Part of the process of trying to grow vegetables in the winter is dealing with limited sun, limited warmth and pretty much non-optimal growing conditions for almost everything you could possibly want to grow. That being said, we have become pretty expectant of some fresh Hook Mountain Growers lettuce whenever we want in the winter. The only problem is that with little plants that are not in the happiest growing conditions....they are more prone to pest infestation. Now don’t get me wrong, these little guys are being grown in a greenhouse that never drops below 46 degrees. They are not exactly Navy Seals trained to survive in the harshest conditions. They live quite a pampered life, however even their charmed existence is not enough to stave off the occasional mega-aphid infestation that occasionally occurs on naturally grown produce and is an always present nuisance for greenhouse-grown produce.
Our lettuces were not spared this insult. The infestation was complete. The options were discussed. Consider the plants lost. A trial of Neem organic spray. Prayer. Anger. Cursing. After considering all options, we decided a trial of Natures infantry to suppress these little aphid intruders.

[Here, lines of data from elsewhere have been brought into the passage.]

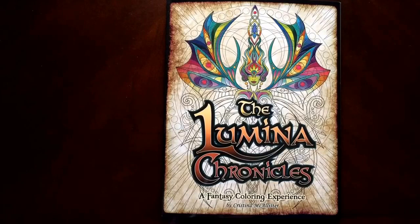The Lumina Chronicles: A Fantasy Coloring Experience by Christina McAllister. Thank you.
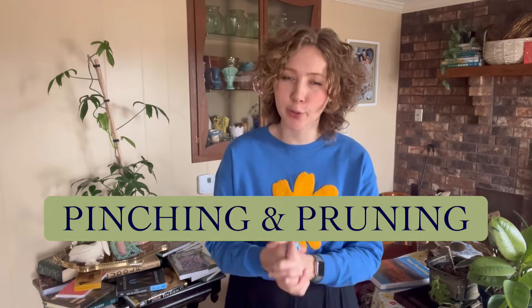Hello everyone and welcome to this episode of Unearthed Horticulture. Today the topic is pinching and pruning.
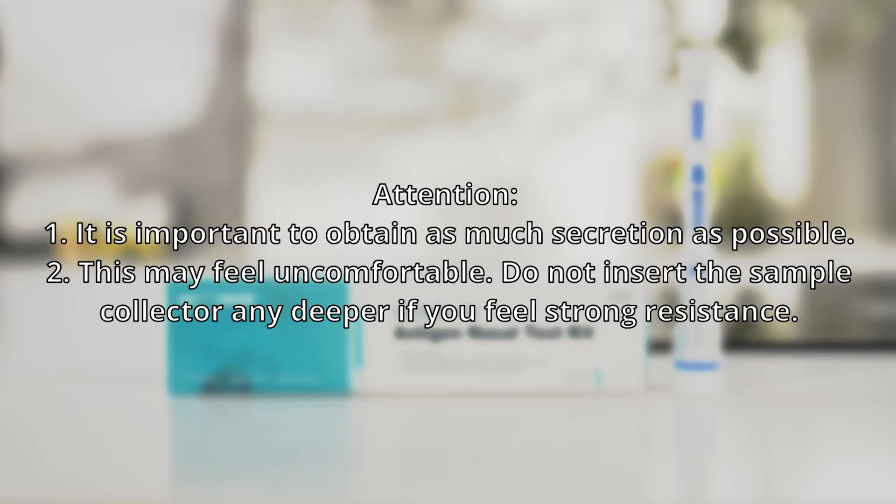Attention. 1. It is important to obtain as much secretion as possible. 2. This may feel uncomfortable. Do not insert the sample collector any deeper if you feel strong resistance.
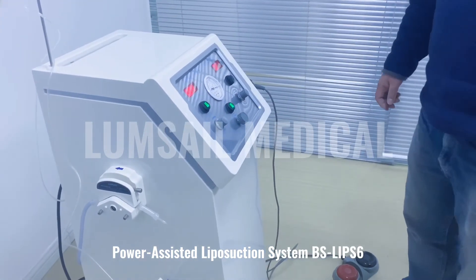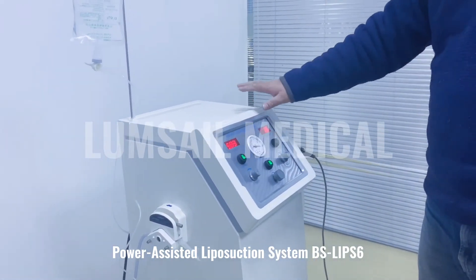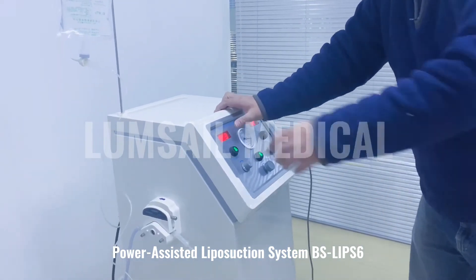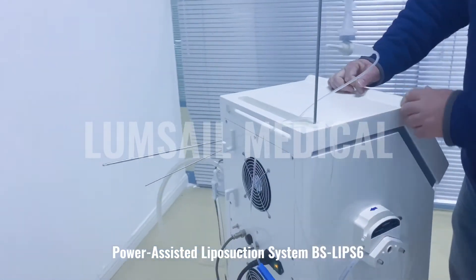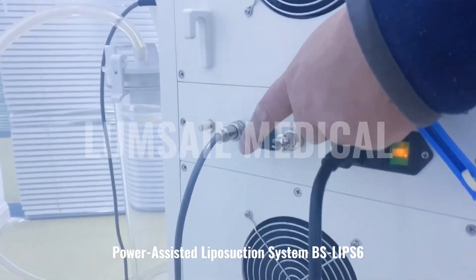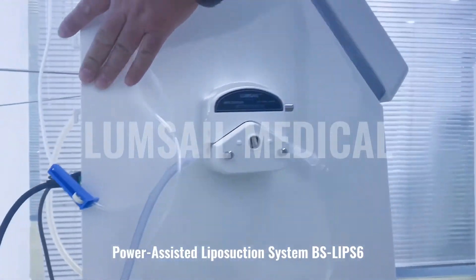The last function is the suction, which is provided by the vacuum pump inside. For this model, we have two pumps, so you can turn on or off the additional one. With the pump switch, you can turn it on or off. When both are turned on, it has two pumps working at the same time.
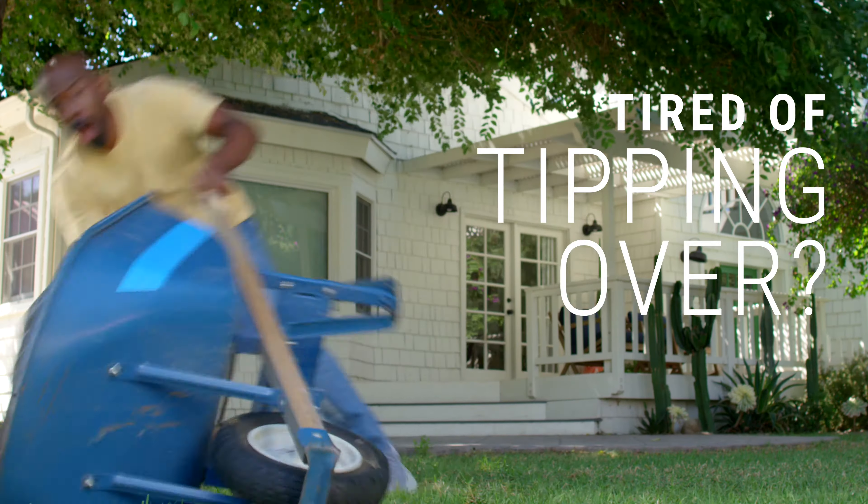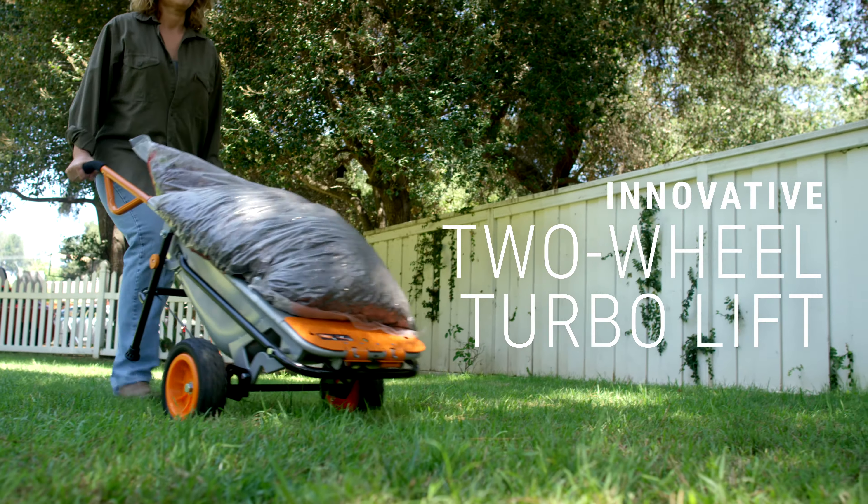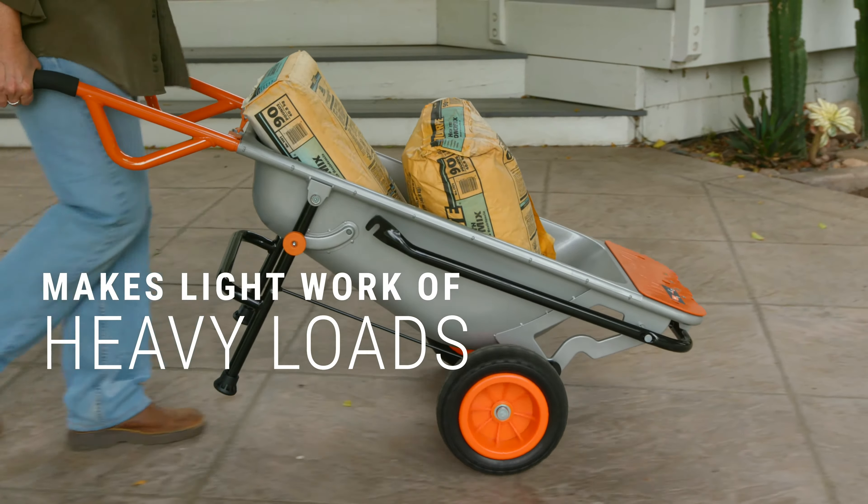Tired of tipping over? No, no, no! Meet the 8-in-1 WORX AeroCart. Innovative two-wheel turbo lift design makes light work of your heavy loads.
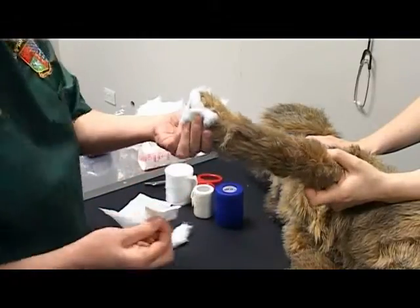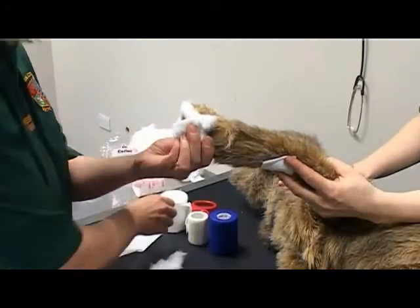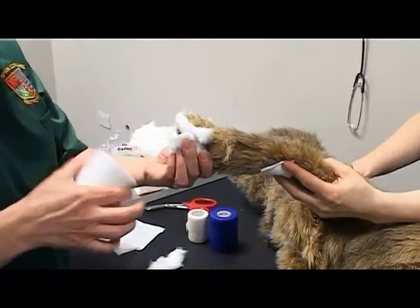Apply the wound dressing with the correct side facing the wound. This is shiny side down. Ensure this is applied aseptically.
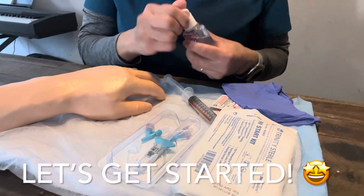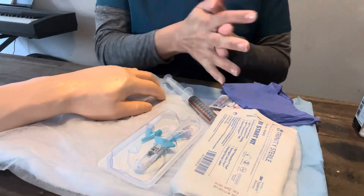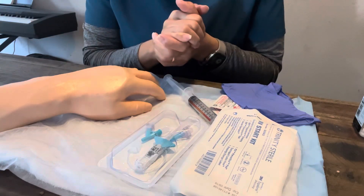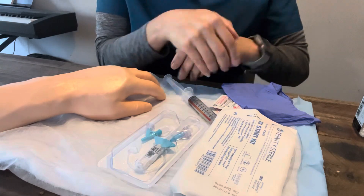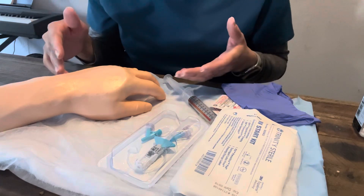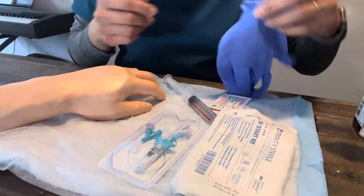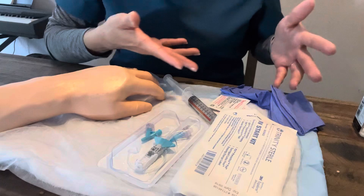We'll start by hand sanitizing — rubbing either hand hygiene at the sink or as you're coming in the door, scrubbing and rubbing for at least 30 seconds. We've already checked our orders. We've identified this is the patient. We have an order to start an IV. The patient's being admitted to the hospital.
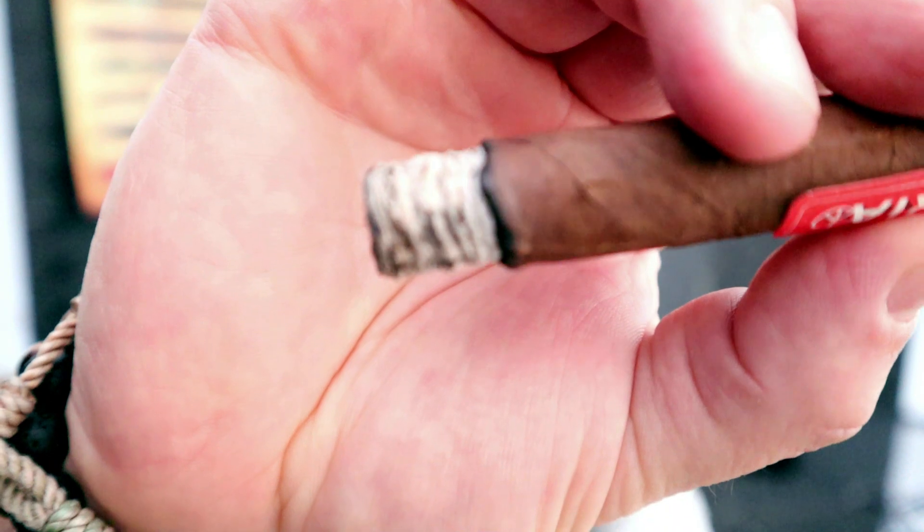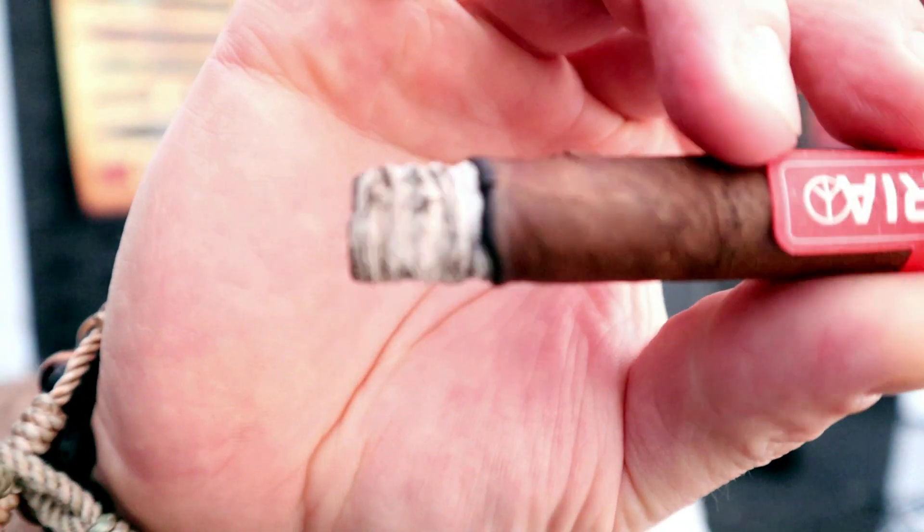About 10 minutes in, well into the first third. Got a nice looking ash, very nice burn line — solid white. The draw has opened up a little bit, still on the firm side but getting happier with it. Flavor is medium, probably a little medium-plus now, body is medium. Getting a really pronounced salted caramel with little bits of milk chocolate, very fragrant and somewhat musty cedar, white pepper, and some floral sweetness.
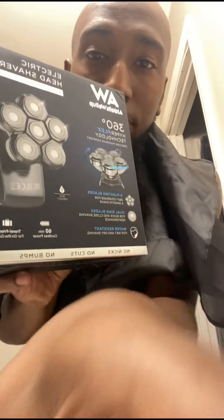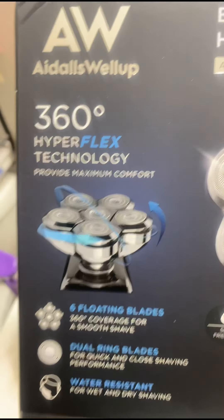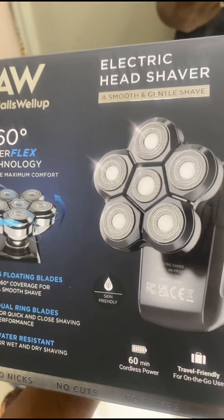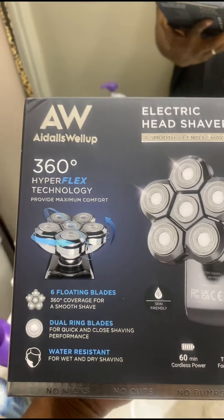Back with another review. As y'all can see, I got the bald head — shaved like two days ago. My pops got me this. Hold on, let me flip the camera real quick. This is the AW Idolls 360 Hyperflex Technology electric head shaver — a smooth and gentle shave. Let's try it out.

The shipment arrived last Thursday from Hirt's Garden Supply. Upon opening the box, the warrior’s looked ready. Angry, aggressive and roaring to eat. OK, they were just ladybugs. Not the most dangerous of names but definitely voracious eaters of garden pests. We ordered 1500 ladybugs for about 9 dollars. We released them during the evening hours to minimize stress to the the ladybug, as we were instructed. Some were poured over the lettuces, some were left in the open container and some were sprinkled around the periphery to ensure border control and prevent the aphids from escaping or sending for reinforcements.
I can tell you the results would please the most demanding of Generals. Complete enemy annihilation. Survivors were spared no mercy. Our lettuces our safe.
OK, enough war jargon. This has been an eye-opening experiment. For less than the cost of an organic spray, we have provided a most natural solution to our problem. Not only do we now have ladybugs in the greenhouse which will continue to eliminate insects, we have rid ourselves of the aphids without the hassle of little dead aphid corpses to deal with when we wash the lettuces. Seems almost ridiculous to try any other method. But so does most of what conventional big agriculture does anyway....
SO, with just a little thought...problem solved. Off to eat fresh lettuces in February...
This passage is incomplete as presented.